Anti-Avoidance Measures Are Unavoidable...
Kitty Miv, Editor
31 July, 2020
Last week we looked primarily at BEPS-related measures, and this past week has also been a BEPS-heavy one, as the machinery of tax administration creaks back into gear, so it makes sense to maintain our focus on the measures being put in place by national governments and multilateral bodies alike, to minimize base erosion and profit shifting.
With this in mind, the addition by Switzerland of protocols to its double taxation agreements with Cyprus, Liechtenstein, and Malta to implement minimum standards developed as part of the OECD's BEPS project was not particularly surprising.
The amending protocols were agreed with Liechtenstein on July 14, Malta on July 16, and Cyprus on July 20.
Each protocol contains an anti-abuse clause, to deny access to treaty benefits for arrangements or transactions where the principal purpose of that arrangement or transaction is to inappropriately derive a tax benefit.
On a multilateral level, in addition to recently updating G20 countries on the progress being made in helping developing countries to combat BEPS (as discussed last week), the OECD has released its annual BEPS progress report, giving details to the G20 of how it plans to take forward its work in the coming year.
As part of its 15-point Action Plan on BEPS, released in 2015, the OECD set four Actions as minimum standards countries should adopt.
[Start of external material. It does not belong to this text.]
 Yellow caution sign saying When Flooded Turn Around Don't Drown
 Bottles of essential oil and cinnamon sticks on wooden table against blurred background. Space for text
Countries adopting the minimum standards - a condition of joining the BEPS Inclusive Framework - are required to introduce measures to remove any "harmful" tax provisions from their domestic tax regimes (Action 5), amend their tax treaty rules to prevent treaty abuse (Action 6), implement country-by-country reporting rules (Action 13) and exchange these reports with other countries, and work with other countries to improve cross-border tax dispute resolution mechanisms, mainly under the auspices of Mutual Agreement Procedures (Action 14).
Under Action 5 on harmful tax practices the report revealed that since 2016, over 285 regimes have been reviewed to ensure that there is substance associated with the activities they are intended to attract, and virtually all harmful preferential regimes have now been amended or abolished. Furthermore, over 30,000 exchanges of information on rulings, covering over 18,000 rulings, have taken place, thereby ensuring greater transparency of the arrangements between tax administrations and taxpayers.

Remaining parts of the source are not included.